On Wed, Feb 01, 2023 at 09:34:50AM -0500, Kent Overstreet wrote:
> On Tue, Jan 31, 2023 at 11:04:11AM -0500, Brian Foster wrote:
> > On Mon, Jan 30, 2023 at 12:06:34PM -0500, Kent Overstreet wrote:
> > > On Fri, Jan 27, 2023 at 09:50:05AM -0500, Brian Foster wrote:
> > > > Something else that occurred to me while looking further at this is we
> > > > can also avoid the error in this case fairly easily by bailing out of
> > > > bch2_fsync() if page writeback fails, as opposed to the unconditional
> > > > flush -> sync meta -> flush log sequence that returns the first error
> > > > anyways. That would prevent marking the inode with a new sequence number
> > > > when I/Os are obviously failing. The caveat is that the test still
> > > > fails, now with a "Read-only file system" error instead of EIO, because
> > > > the filesystem is shutdown by the time the vfs write inode path actually
> > > > runs.
> > > 
> > > If some pages did write successfully we don't want to skip the rest of
> > > the fsync, though.
> > > 
> > 
> > What does it matter if the fsync() has already failed? ISTM this is
> > pretty standard error handling behavior across major fs', but it's not
> > clear to me if there's some bcachefs specific quirk that warrants
> > different handling..
> > 
> > FWIW, I think I've been able to fix this test with a couple small
> > tweaks:
> > 
> > 1. Change bch2_fsync() to return on first error.
> > 2. Introduce a bcachefs specific delay in the working -> error table
> > switchover.
> > 
> > I've not run a full regression test on the bcachefs change yet, but if
> > you're willing to take a patch along those lines I can do that and then
> > if it survives, follow up with an upstream fstests patch.
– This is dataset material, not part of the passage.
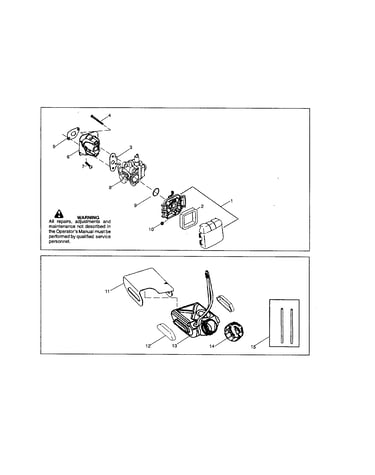 Carburetor/fuel tank/air cleaner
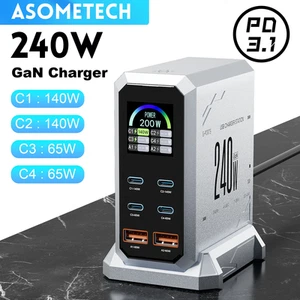 Chargeur GaN 240W 6 Ports Bureau USB-C PD3.1 140W Station de Charge Rapide Affichage - Photo 1 sur 8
That would
> > allow this test to pass fairly reliably and also no longer
> > unconditionally shutdown bcachefs.
> 
> If you link me your git repo I'll add it to the CI so all the automated
> tests run.
> 

I don't have a public repo atm but I've posted the patch if you have
somewhere to land it for CI testing..? It survived my regression tests
so far, FWIW. (I also had posted that random cleanup patch a bit ago if
you hadn't noticed..).

Is there a reporting dashboard or something available for the test
infrastruture for bcachefs?

> > 
> > > The test failing because the filesystem went read-only is because a
> > > btree node write fails - I'm assuming without that change the test just
> > > fails before any btree node writes are attempted.
> > > 
> > 
> > Not sure I parse the above. Generally speaking, the test fails because
> > after the last successful fsync, it immediately switches over to the
> > error dm table. The fs still has some reclaim/journal work to do after
> > this point, however, so this essentially always results in emergency
> > shutdown. Whether the test passes or fails at this point depends on a
> > race between this shutdown sequence in the background and an fsync call
> > successfuly committing a transaction (calling bch2_mark_inode()).
> 
> *nod* That's more accurate.
> 
> > Indeed, that makes sense. I wonder if it would make sense to issue
> > retries at some point?
> 
> Possibly. AFAIK, on typical block devices we shouldn't see write errors
> unless the device is really not working anymore - both spinning rust and
> SSDs will remap on write error, and on transport error IMO the block
> layer is the more correct place to be issuing retries, if so desired.
> 
> But we do have aspirations of running on raw flash in the
> not-too-distant future (ZNS SSDs), and I would expect we'll need retry
> logic at that point.
> 
> > I'm not sure a simple retry once sequence would help with this test, but
> > an infinite retry option (with some delay) probably would.
> 
> I'd think we'd want a timeout, not a specific number of retries to
> attempt (or perhaps both).
> 
> > OTOH, I wonder if a more elegant solution is to explicitly quiesce the
> > fs before the working -> error table switchover. That might typically be
> > done with a freeze/unfreeze cycle so the test can serialize against
> > whatever background work needs to complete before putting the block
> > device into error mode. However, I notice freeze isn't currently
> > supported on bcachefs. Any thoughts on freeze support?
> 
> Freeze definitely needs to happen. It's been _ages_ since I was looking
> at it so I couldn't say offhand where we'd need to start, but if you're
> interested I'd be happy to look at what it'd take.
> 

Yeah, that would be interesting. Thanks.

> > Ah.. so does "for simplicity" here essentially mean "for reuse of the
> > transaction code?"
> 
> Yes - bch2_btree_key_cache_journal_flush() -> btree_key_cache_flush_pos()
> -> bch2_trans_commit().
> 
> > 
> > >  - flush_seq: given a journal sequence number we previously got a
> > >    journal reservation on, request that it be written out (with a
> > >    flush/fua write, not all journal entries are written flush/fua).
> > > 
> > 
> > Thanks for this. Something that initially confused me wrt to the journal
> > is that I was seeing journal writes after btree node writes. The docs
> > mention the journal is primarily an optimization and ordering is not
> > important for crash consistency.
> 
> Wherever you read that must date to well before bcachefs was a thing -
> that was true in bcache when the journalling code was still new. In
> bcachefs ordering of updates is important and the journal is indeed our
> global time ordering.
> 

FWIW, I was reading through the "Journaling" and "Sequential
consistency" sections of the architecture documentation [1]. It's
possible I just misinterpreted some wording.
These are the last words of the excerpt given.